Apart from the personal disappointment felt when a business fails, there is also the shame. The moment those ‘under liquidation’ boards go up in the front of the shop window, along with the ‘everything must go’ signs, passersby and particularly rivals are going to know about this. And it is not long before the vultures come swooping in. But while this may have been how it was in the past, in reality, it should not, need not, and does not work this way.

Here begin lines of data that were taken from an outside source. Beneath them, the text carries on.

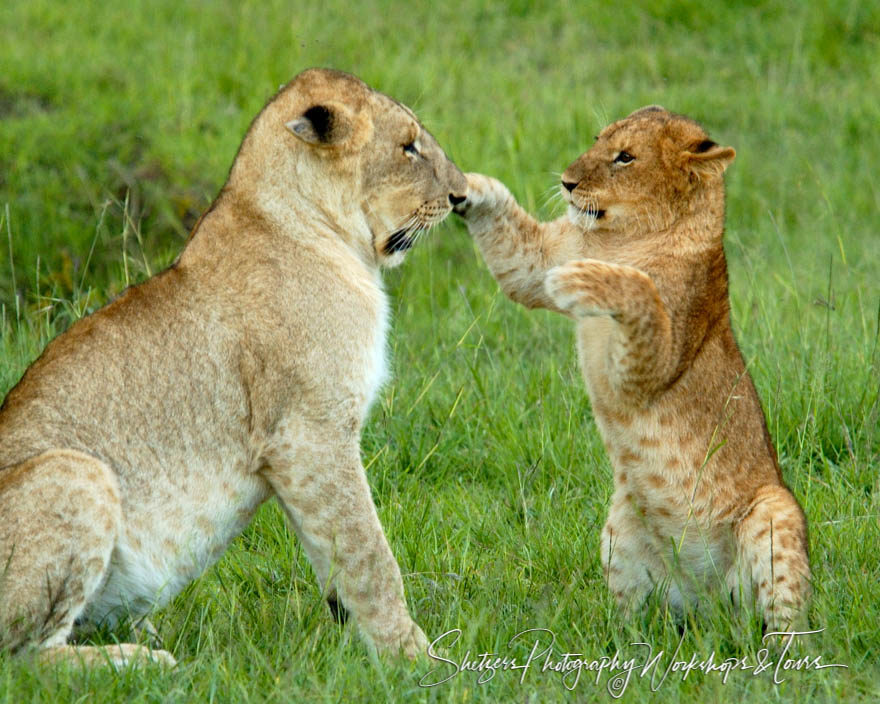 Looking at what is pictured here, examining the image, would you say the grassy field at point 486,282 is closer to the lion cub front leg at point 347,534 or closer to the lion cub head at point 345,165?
the lion cub front leg at point 347,534

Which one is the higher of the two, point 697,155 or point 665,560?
point 697,155

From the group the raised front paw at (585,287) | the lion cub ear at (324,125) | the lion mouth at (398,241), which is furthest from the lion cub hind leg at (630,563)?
the lion cub ear at (324,125)

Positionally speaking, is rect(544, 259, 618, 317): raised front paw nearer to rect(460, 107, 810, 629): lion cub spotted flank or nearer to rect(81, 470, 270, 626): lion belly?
rect(460, 107, 810, 629): lion cub spotted flank

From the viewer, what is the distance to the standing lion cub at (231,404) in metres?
3.77

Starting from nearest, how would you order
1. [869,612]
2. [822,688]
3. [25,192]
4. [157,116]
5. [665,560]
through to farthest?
[822,688] < [869,612] < [665,560] < [25,192] < [157,116]

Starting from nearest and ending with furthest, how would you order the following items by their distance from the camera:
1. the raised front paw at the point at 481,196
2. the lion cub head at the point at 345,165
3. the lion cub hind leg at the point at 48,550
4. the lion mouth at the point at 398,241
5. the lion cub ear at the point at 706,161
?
the lion cub hind leg at the point at 48,550 → the lion cub head at the point at 345,165 → the lion mouth at the point at 398,241 → the lion cub ear at the point at 706,161 → the raised front paw at the point at 481,196

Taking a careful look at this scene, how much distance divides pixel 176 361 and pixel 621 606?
1.63m

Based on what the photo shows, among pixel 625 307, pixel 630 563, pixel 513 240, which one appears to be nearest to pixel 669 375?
pixel 625 307

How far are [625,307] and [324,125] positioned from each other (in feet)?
3.66

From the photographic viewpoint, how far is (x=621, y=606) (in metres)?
4.19

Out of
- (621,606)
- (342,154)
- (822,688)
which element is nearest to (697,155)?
(342,154)

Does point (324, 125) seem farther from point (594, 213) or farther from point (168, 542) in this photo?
point (168, 542)

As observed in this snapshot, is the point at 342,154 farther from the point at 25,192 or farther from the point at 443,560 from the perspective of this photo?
the point at 25,192

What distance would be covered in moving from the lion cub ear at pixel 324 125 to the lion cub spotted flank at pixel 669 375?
27.4 inches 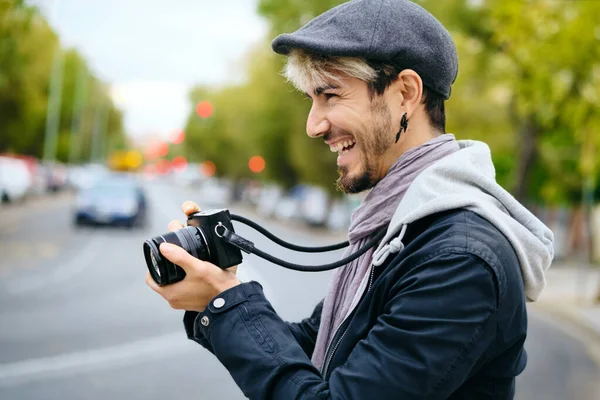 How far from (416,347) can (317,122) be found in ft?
1.94

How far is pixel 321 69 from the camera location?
1502 millimetres

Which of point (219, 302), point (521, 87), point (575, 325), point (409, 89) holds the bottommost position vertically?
point (575, 325)

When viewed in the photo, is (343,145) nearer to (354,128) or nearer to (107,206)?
(354,128)

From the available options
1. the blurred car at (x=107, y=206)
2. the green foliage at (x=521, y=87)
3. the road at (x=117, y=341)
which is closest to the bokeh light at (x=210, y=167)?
the green foliage at (x=521, y=87)

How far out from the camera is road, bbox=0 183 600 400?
5.82 meters

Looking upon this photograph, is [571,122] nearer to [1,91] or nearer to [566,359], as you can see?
[566,359]

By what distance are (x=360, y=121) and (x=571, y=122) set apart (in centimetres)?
1108

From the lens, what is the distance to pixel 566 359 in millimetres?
7840

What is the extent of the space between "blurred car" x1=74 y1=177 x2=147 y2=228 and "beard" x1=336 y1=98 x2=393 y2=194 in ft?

If that has been one of the ominous options proffered to you, do yourself and the business you still own a huge favor and get in touch with a liquidation specialist today and rather let him explain how the liquidation process is supposed to work. And if he has any sense of ethics about him, he may even go as far as to suggest that liquidation will not be necessary. In his case, it should be his business to know enough about the alternatives for rescuing a business.
The business does not need to go under. And there is at least a positive reason why they call it the ‘business rescue’ plan. But in the event, the liquidation plan is placed on the table as a last resort. Once all other options have been exhausted, this may yet be for the best. But once the liquidation mill starts to turn, it does not necessarily imply that the small business owner is now going to be left flat broke.
A licensed and registered practitioner with a good deal of business on his own books should be striving to leave the small business owner with something over once all final dues have been settled. This tides him over and should also be providing a cushion to help him start over.